Exercise inputs:
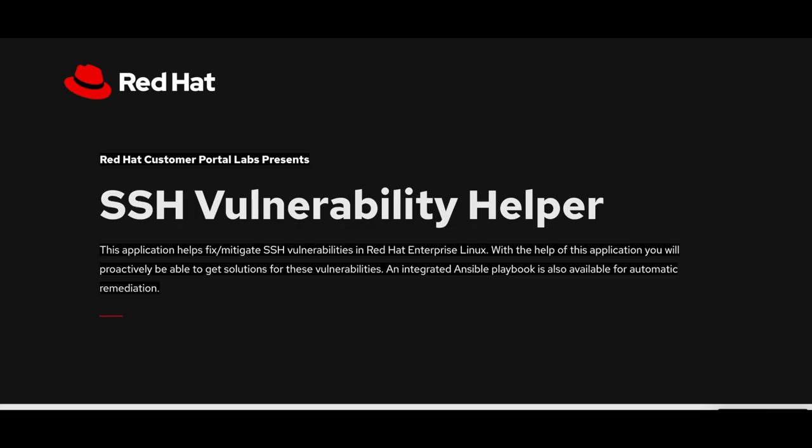Hello, everyone. Today in this session, we will be introducing you to the SSH Vulnerability Helper lab app. This lab app will help you fix or mitigate some of the known vulnerabilities reported for Red Hat Enterprise Linux.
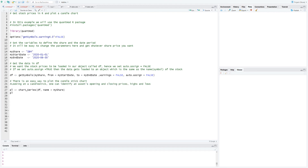Now, we will run the chartSeries command from QuantMod which will plot a nice candle chart. This candle chart will display the high, low, open and close prices of the stock for each day. Finally, run the command PL which will plot it on screen.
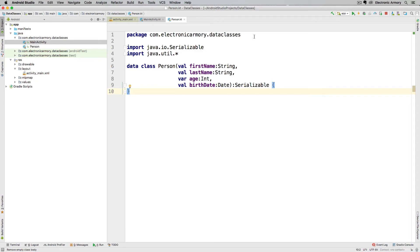Hey everybody and welcome to another video from Electronic Armory. In this video we're going to introduce you to having a second activity so that we can launch our second activity from our first activity. You might want to do this if you want to display another screen. In our example, on our first screen we'll input some data and then pass that data to a second activity to display it. That might not sound that interesting but it's going to be the foundation for future Android development. Let's get started.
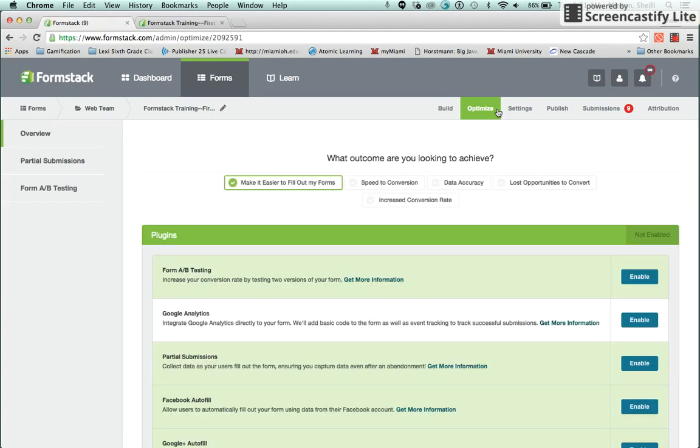The Optimize tab contains some optional plugins like A-B Testing, Google Analytics Integration, Partial Submissions, and Autofill. You can view tutorials for these plugins on Formstack's help page.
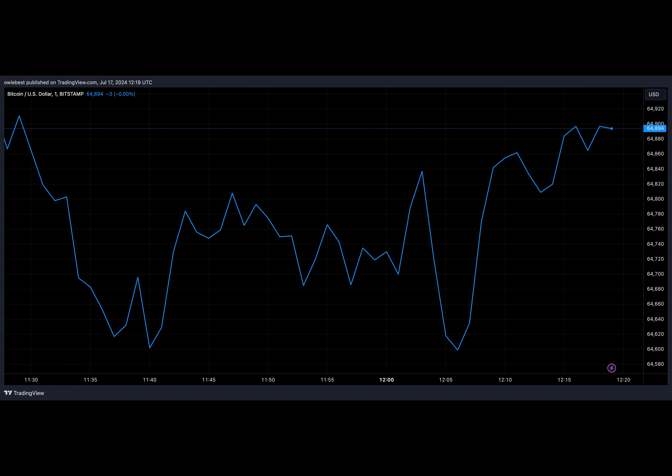The high court's comprehensive and definitive rulings and strict orders mark a decisive end to Wright's long-standing claims of being the Bitcoin founder. This development also serves as a deterrent and warning against making false claims in the crypto space.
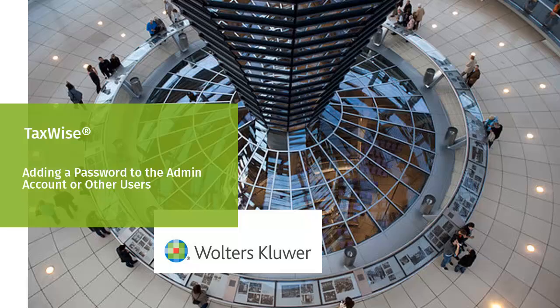Hello, and welcome to the video to learn how to add a password to the admin account or other user accounts in TaxWise.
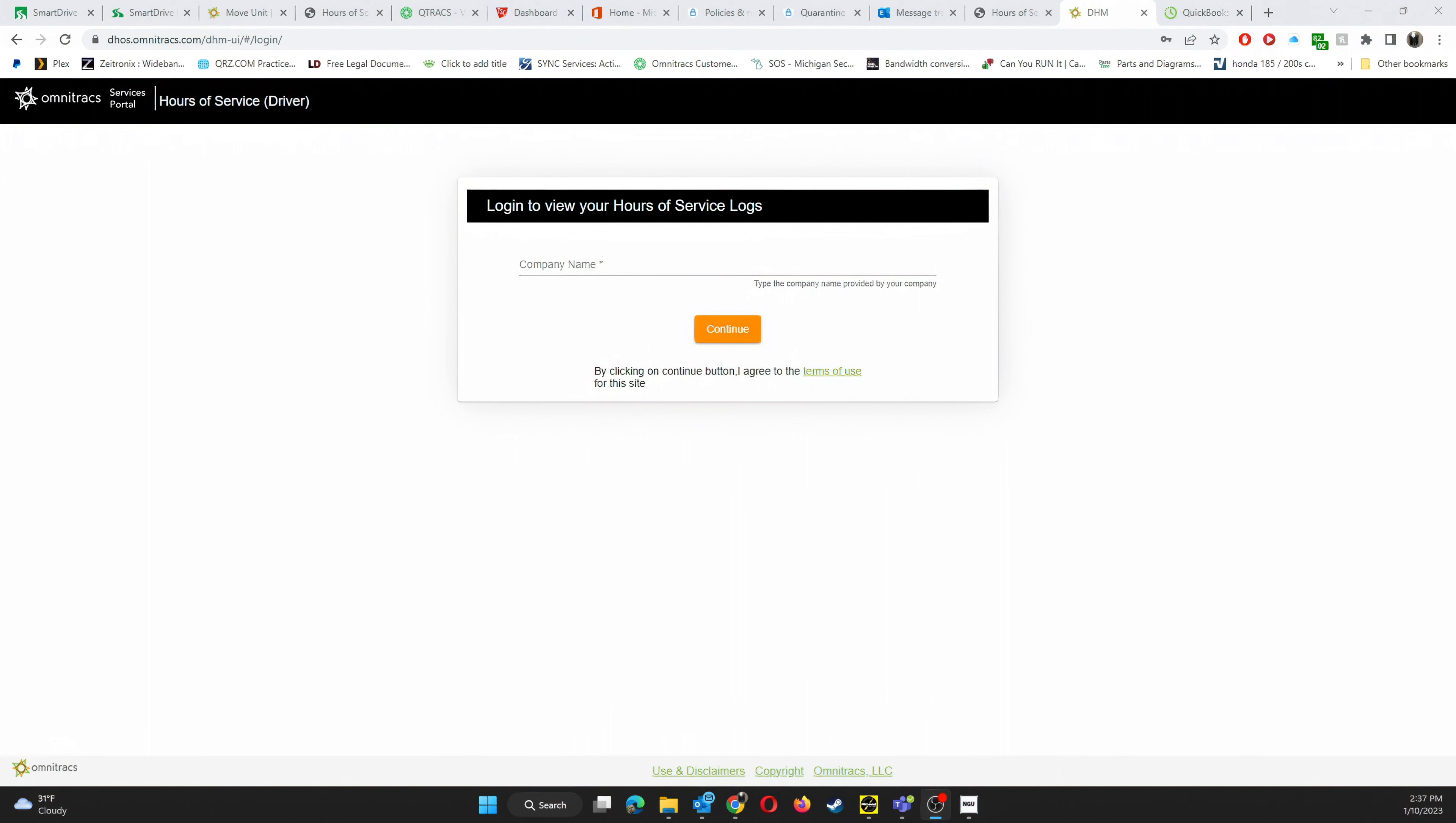Hello. This is going to be a small tutorial on how to export your logs out of the Omnitracks Hours of Service driver website.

Work to be completed: The required output is the exact lines from the opening line of the entries through the line with "The Optimize tab", inclusive, without pictures.

Result for this exercise:
Hello, everyone. Today in this session, we will be introducing you to the SSH Vulnerability Helper lab app. This lab app will help you fix or mitigate some of the known vulnerabilities reported for Red Hat Enterprise Linux.
Now, we will run the chartSeries command from QuantMod which will plot a nice candle chart. This candle chart will display the high, low, open and close prices of the stock for each day. Finally, run the command PL which will plot it on screen.
Hey everybody and welcome to another video from Electronic Armory. In this video we're going to introduce you to having a second activity so that we can launch our second activity from our first activity. You might want to do this if you want to display another screen. In our example, on our first screen we'll input some data and then pass that data to a second activity to display it. That might not sound that interesting but it's going to be the foundation for future Android development. Let's get started.
The Optimize tab contains some optional plugins like A-B Testing, Google Analytics Integration, Partial Submissions, and Autofill. You can view tutorials for these plugins on Formstack's help page.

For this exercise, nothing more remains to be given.